ARE you clear about how you should be recycling your plastics? Do you understand the recycling process? RECOUP is a national charity that wants to educate consumers about the best way to deal with plastic, and thereby increase recycling.

RECOUP was founded in 1990 and is the UK’s leading independent authority and trusted voice on plastics resource efficiency and recycling. Anne Stephenson, RECOUP’s Business & Project Development Lead, says:

“Our aim is to educate people on why, and how, we need plastic packaging to be recycled with the local authority kerbside collections. Research has shown that if people understand the reasons and the processes better, the more likely they are to recycle.

“We don’t actually recycle or put packaging on the market, our members do, and they are local authorities; waste management; manufacturers that produce plastic packaging; brands and retailers that put plastic packaging on the market; and recyclers  that reprocess and re-grind it – the entire value team.”

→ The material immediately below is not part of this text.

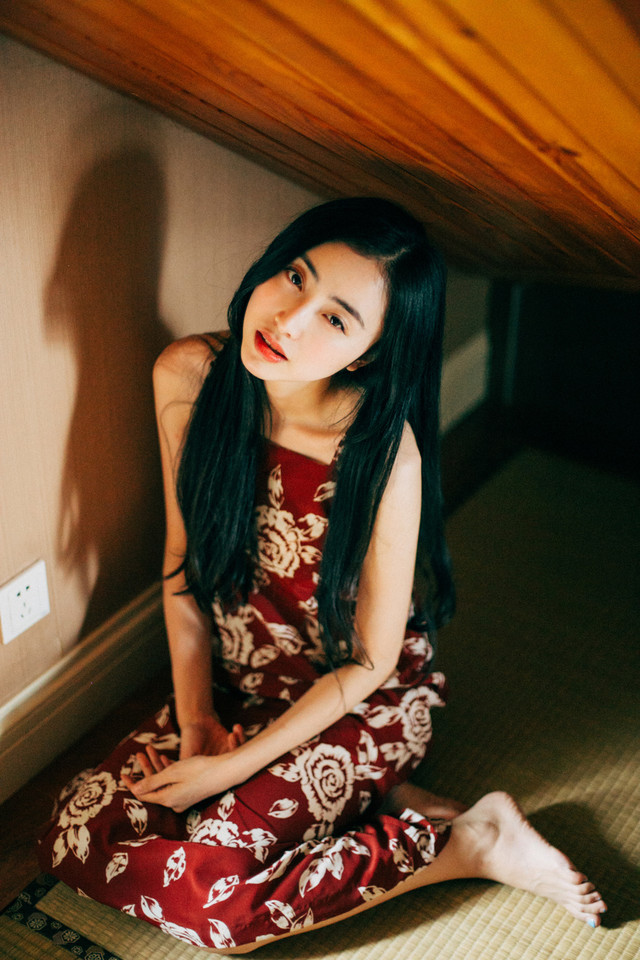 阁楼里的妹子气质绝佳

This network of more than 180 members that support their work also share its commitments, which includes a more sustainable use of plastics; increased plastics recycling; improved environmental performance, and meeting legislative requirements.

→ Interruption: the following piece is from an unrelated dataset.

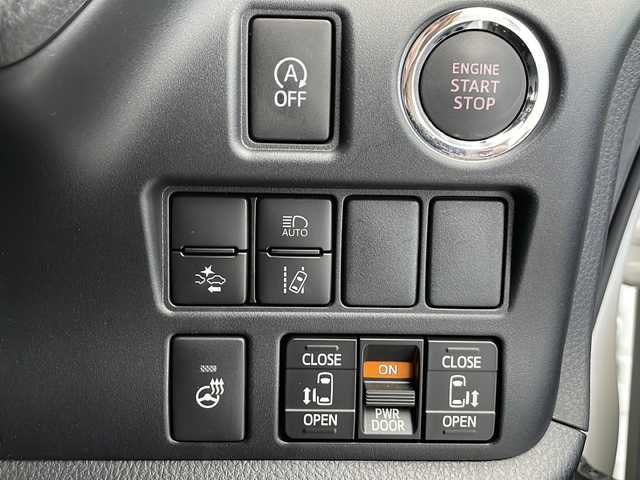 トヨタ エスクァイア Gi プレミアムパッケージ ブラックテーラード 長野県 2019(令1)年 4.9万km ホワイトパールクリスタルシャイン アルパイン11型ナビ/（フルセグ/Bluetooth/CD/DVD/USB/HDMI)/バックカメラ/ETC/両側電動スライドドア/前席シートヒーター/ステアリングヒーター/衝突軽減ブレーキ/車線逸脱防止/クルーズコントロール/前後コーナーセンサー/LEDヘッドライト/ピアノ調ステアリング/ステアリングスイッチ/後席サンシェード/後席ドリンクホルダー/スマートキー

RECOUP’s UK Household Plastics Collection Survey 2022 showed that plastics recycling  for all consumer packaging, overall, was 42%; with plastic bottles at 63%, and pots, tubs and trays at 38%. Which means that consumers are returning only about half the amount of plastic packaging that they could do via current recycling systems.

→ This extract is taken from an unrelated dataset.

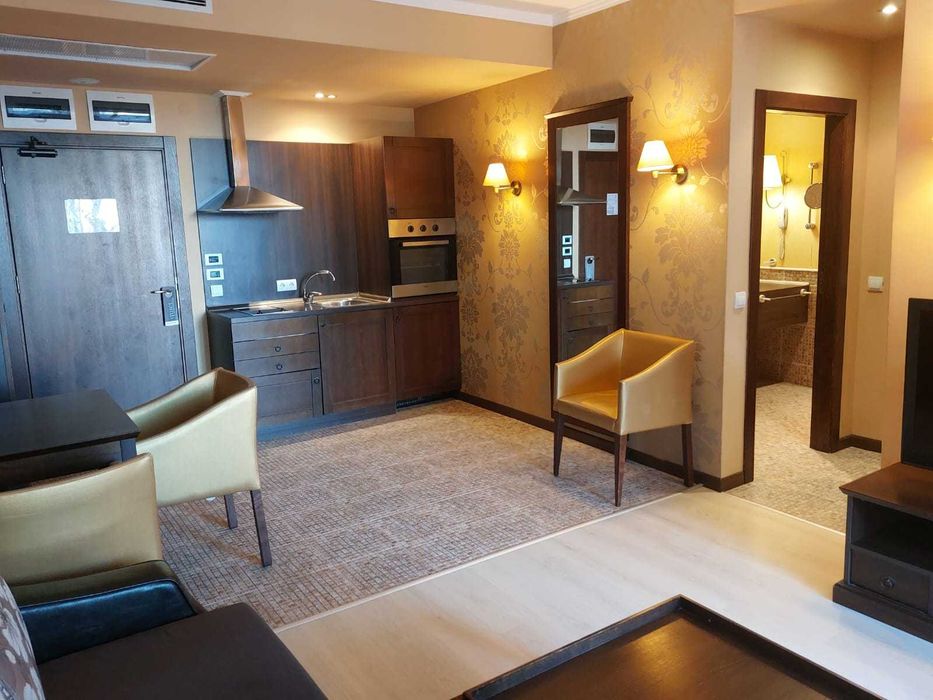 Дава се под наем Двустаен апартамент в к.к. Слънчев бряг - 72 кв.м за 110000 € - Снимка #16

The Northern Echo: Anne Stephenson, RECOUP’s Business & Project Development Lead.Anne Stephenson, RECOUP’s Business & Project Development Lead. (Image: Recoup)

Under its consumer-facing arm, Pledge to Recycle Plastics, RECOUP engages with the community and with schools, providing information on plastics, based on fact, on what actually happens as it goes through the system.

A dedicated website – – offers a better understanding of the process and scale of the recycling journey, with information, links for schools, short videos, and a quiz to test your recycling knowledge.

Here are some handy tips to ensure that we recycle as much as we can, in the best way.

• First of all, the plastic container should be clean before it goes in the collection bin. Discarded food creates a sludge which damages the machinery used to sort recycling

• Remove any absorbent layers, which should go in general waste

• Keep tops on bottles, as they are too small to be captured separately (this also applies to clean ice cream and margarine tubs)

• Residents of Durham should not include black plastic as it cannot be sorted

• Keep things separate e.g. don’t put drinks cans inside food tins – they are different metals and will be captured separately

• Remember the Clean, Dry and Loose rule.  

“People want to do the right thing, and getting children involved from an early age is crucial,” says Anne. “If we all do our bit, then, collectively, the quality and the amount of plastics recycling will increase.

“We can’t do everything, but we can all do something. This way we can give valuable materials the opportunity for a second life, thus reducing the energy required to produce new plastic goods, and helping carbon reduction strategies.”